As relações da Universidade dos Açores com a UE e com as instituições comunitárias e dos países membros são particularmente importantes.

Em junho, no âmbito das comemorações do Dia Nacional, participaram nos eventos programados dois ilustres professores de duas das mais prestigiadas universidades dos EUA, o MIT e a Brown University, respetivamente, o Professor Ernest Moniz e o Professor Onésimo de Almeida.

Ambos membros da Diáspora açoriana nos EUA, conseguiram pelo seu próprio mérito e pelo seu esforço, alcançar posições do mais elevado nível na sociedade americana, prestigiando os Açores e Portugal.
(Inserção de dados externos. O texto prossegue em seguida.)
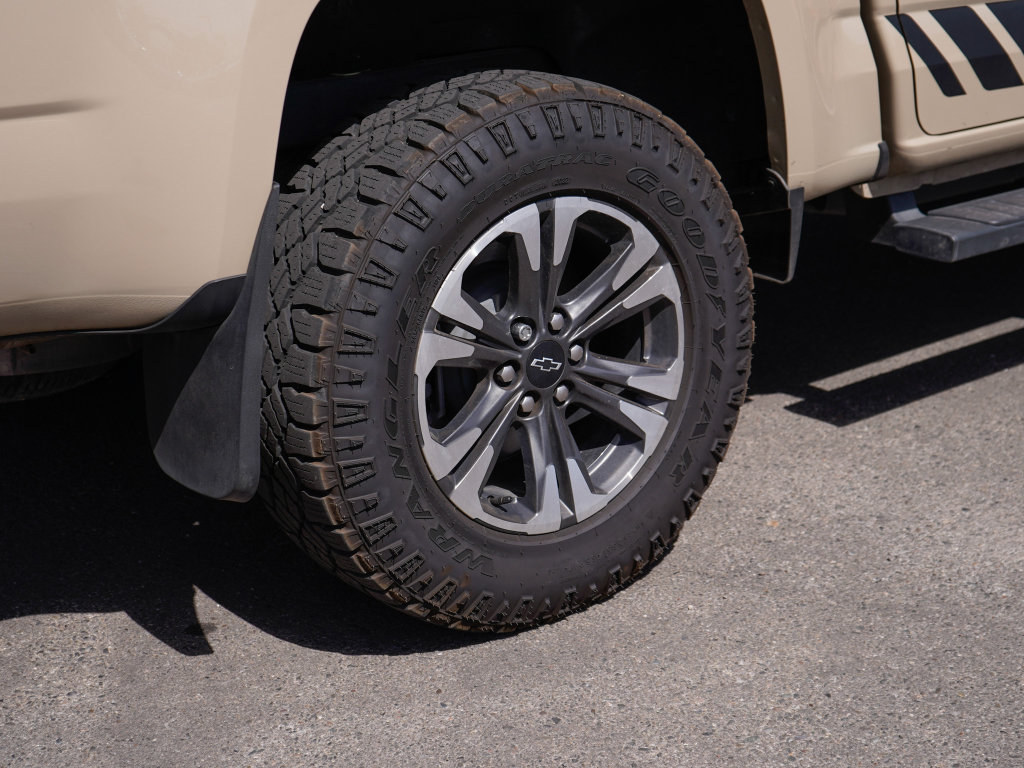 Used 2022 Chevrolet Colorado Z71 AWD/4WD image 14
O Professor Ernest Moniz, que foi Ministro da Energia durante a presidência de Barak Obama, foi, durante a sua visita aos Açores, agraciado com o grau de Doutor Honoris Causa pela Universidade dos Açores, numa cerimónia académica, que teve lugar no polo da Universidade em Angra do Heroísmo, de grande elevação e significado.

Sublinho, aqui, também a importância das relações da Universidade dos Açores com a Diáspora açoriana, em particular com a dos EUA, que só pode valorizar a identidade e o prestígio da Região.
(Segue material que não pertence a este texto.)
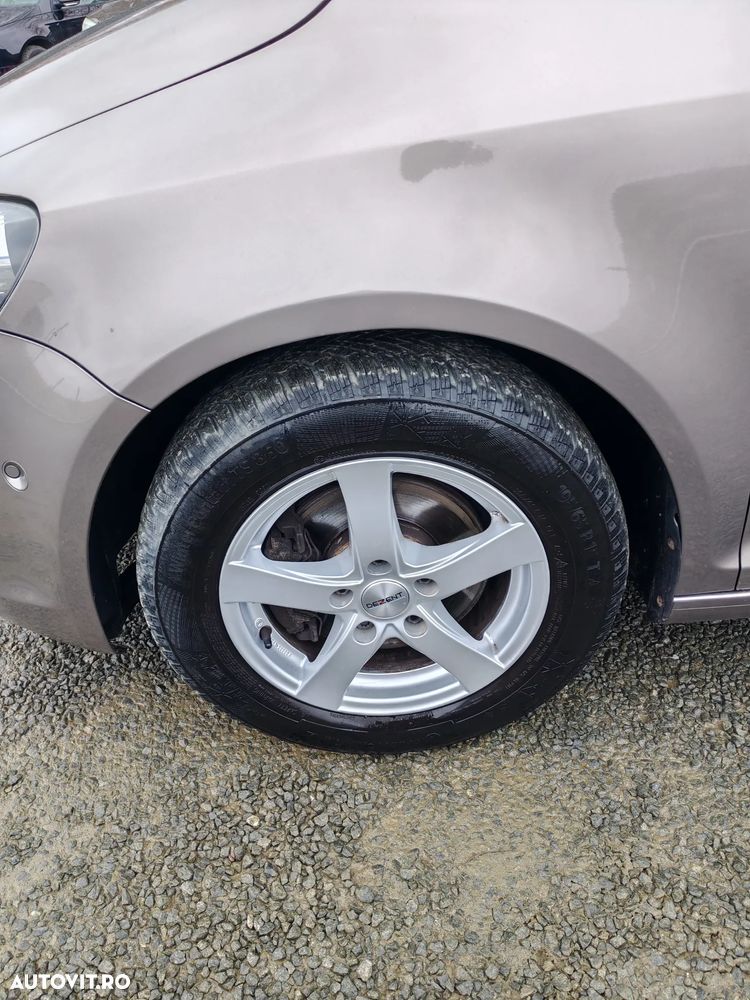 Volkswagen Golf Plus 2.0 TDI DSG Comfortline - 8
Gostaria ainda de mencionar que na semana passada, num evento organizado pelo Senhor Presidente da República em que participei, tive o ensejo de falar com o novo Representante de Portugal junto da CPLP, que tem o seu Secretariado Permanente em Lisboa, o Embaixador Almeida Lima, que até há pouco foi o nosso Embaixador no Vaticano e que antes, durante alguns anos, foi Chefe do Protocolo de Estado.

Sugeri-lhe na altura que propusesse ao Secretário Executivo da CPLP e aos seus colegas embaixadores dos países membros junto daquela organização, que considerassem a possibilidade, com o acordo naturalmente do Governo Regional, de uma visita de trabalho aos Açores que incluísse visitas aos três polos da Universidade.

 

Ficou entusiasmado com a ideia e disse-me que iria fazer contactos exploratórios sobre o assunto.

Julgo que também as relações da Universidade dos Açores com os países da CPLP são de especial interesse para a Região.

Existem quatro países, Cabo Verde, São Tomé e Príncipe, Guiné Bissau e Angola, que são arquipélagos ou países ribeirinhos do Atlântico e têm interesses comuns com os Açores.

Tudo o que possa contribuir para a aproximação e cooperação com eles deverá, segundo penso, ser promovido e encorajado.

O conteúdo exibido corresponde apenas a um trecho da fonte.